Fueling innovative software
July 15-18, 2019
Portland, OR

Observability for data pipelines: Monitoring, alerting, and tracing lineage

Jiaqi Liu (University of Chicago, CTDS)
1:45pm2:25pm Thursday, July 18, 2019
Secondary topics:  Data Driven
Average rating: ****.
(4.33, 3 ratings)

Who is this presentation for?

  • Engineers and data scientists building data pipelines

Level

Intermediate

Description

Data-intensive applications, with many layers of transformations and movement from different data sources, can often be challenging to maintain and iterate on even after they are initially built and validated. To truly expand and develop a code base, developers must be able to test confidently during the development process and monitor the production system. Monitoring and testing data pipelines or real-time streaming processes can be very different from monitoring web services.

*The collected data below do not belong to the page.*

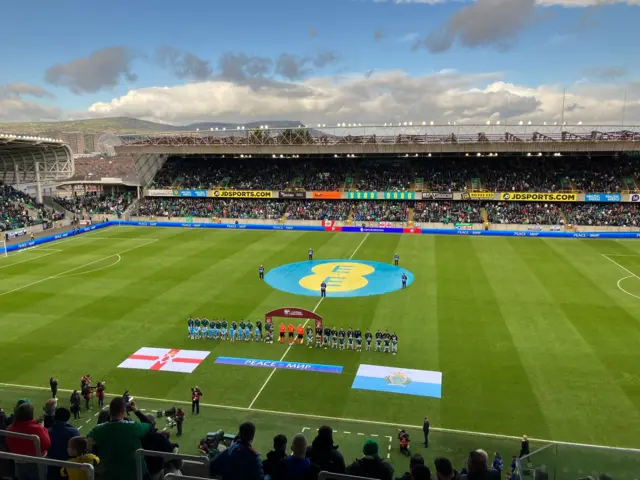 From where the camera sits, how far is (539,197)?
57.9m

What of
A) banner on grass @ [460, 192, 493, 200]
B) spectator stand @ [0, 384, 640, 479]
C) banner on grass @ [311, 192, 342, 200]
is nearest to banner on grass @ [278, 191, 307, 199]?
banner on grass @ [311, 192, 342, 200]

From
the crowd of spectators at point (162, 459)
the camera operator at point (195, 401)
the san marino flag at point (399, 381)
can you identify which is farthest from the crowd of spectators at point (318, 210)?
the crowd of spectators at point (162, 459)

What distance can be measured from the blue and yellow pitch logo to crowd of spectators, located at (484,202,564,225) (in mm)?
23309

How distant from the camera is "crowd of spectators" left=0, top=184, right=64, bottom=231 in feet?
176

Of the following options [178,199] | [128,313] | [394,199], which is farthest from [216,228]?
[128,313]

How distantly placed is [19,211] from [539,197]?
59688mm

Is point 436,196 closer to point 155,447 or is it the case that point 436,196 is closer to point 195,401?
point 195,401

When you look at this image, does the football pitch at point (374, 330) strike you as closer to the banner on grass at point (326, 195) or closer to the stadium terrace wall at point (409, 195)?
the stadium terrace wall at point (409, 195)

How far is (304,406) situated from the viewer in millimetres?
17922

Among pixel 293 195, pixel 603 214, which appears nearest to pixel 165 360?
pixel 293 195

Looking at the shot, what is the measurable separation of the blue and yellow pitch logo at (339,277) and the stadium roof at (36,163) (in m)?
41.1

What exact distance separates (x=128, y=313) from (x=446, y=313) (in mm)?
17572

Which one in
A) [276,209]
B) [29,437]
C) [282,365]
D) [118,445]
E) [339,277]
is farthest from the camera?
[276,209]

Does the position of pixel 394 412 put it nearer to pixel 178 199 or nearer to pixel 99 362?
pixel 99 362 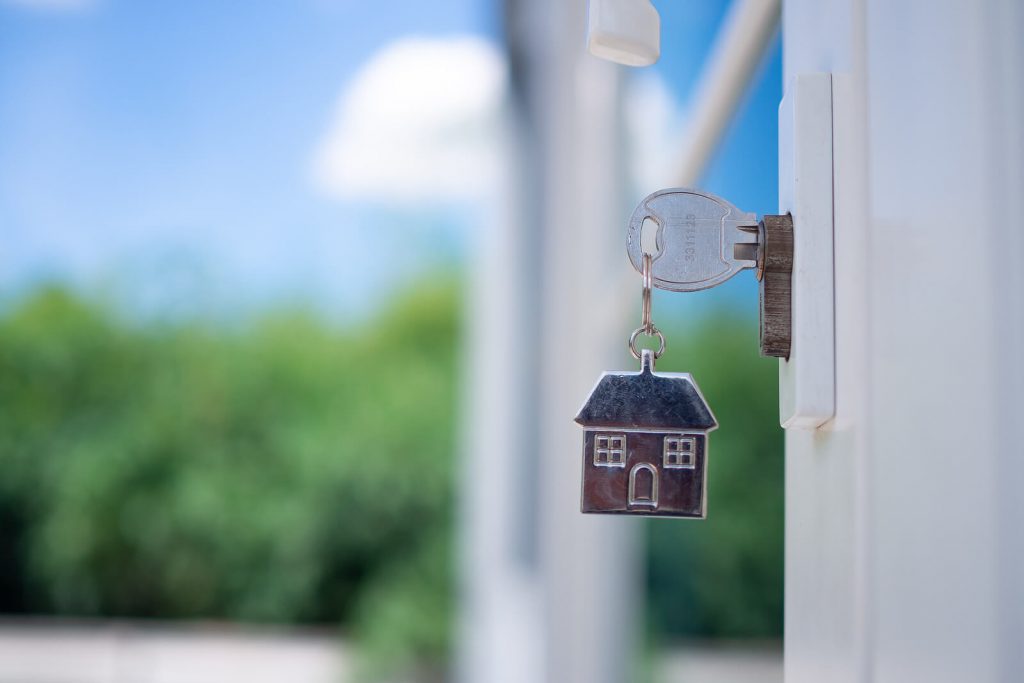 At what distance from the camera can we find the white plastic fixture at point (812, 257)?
0.80 ft

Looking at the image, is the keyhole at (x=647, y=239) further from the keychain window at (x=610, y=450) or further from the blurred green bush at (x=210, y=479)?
the blurred green bush at (x=210, y=479)

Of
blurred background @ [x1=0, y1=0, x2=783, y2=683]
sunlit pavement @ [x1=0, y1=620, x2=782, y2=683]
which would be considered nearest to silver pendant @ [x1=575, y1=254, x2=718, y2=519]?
blurred background @ [x1=0, y1=0, x2=783, y2=683]

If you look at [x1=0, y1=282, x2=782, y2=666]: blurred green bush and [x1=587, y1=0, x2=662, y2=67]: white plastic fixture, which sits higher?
[x1=587, y1=0, x2=662, y2=67]: white plastic fixture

Jiaqi Liu draws on her experience building and maintaining both batch and real-time stream data pipelines to discuss how to leverage monitoring tools like Prometheus and Grafana to define and visualize metrics, how and when to alert on common health indicators, and how to gain visibility in monitoring not just the system health but the health of the data. General concepts she touches on include observability of pipeline health, interpretability of data results, and building features into data pipelines that makes monitoring and testing just a little bit easier, such as the ability to trace data lineage and designing for immutable data.

Prerequisite knowledge

  • A basic understanding of data pipelines

What you'll learn

  • Learn to identify key health metrics for monitoring data pipelines and work with time series data and monitoring tools like Prometheus and Grafana
  • Discover best practices for building pipelines that enable tracing data lineage
Photo of Jiaqi Liu

Jiaqi Liu

University of Chicago, CTDS

Jiaqi Liu is a Lead Software Engineer at the Center for Translational Data Science at the University of Chicago. Previously she was Tech Lead at Button and Data Scientist at Capital One Labs. She is passionate about bridging the gap between the science and engineering part of data-driven work and champions inclusivity in the workplace, and advocates for a culture where everyone’s input matters. She is also active in the Write/Speak/Code and Women Who Code communities.he’s a director at Women Who Code NYC.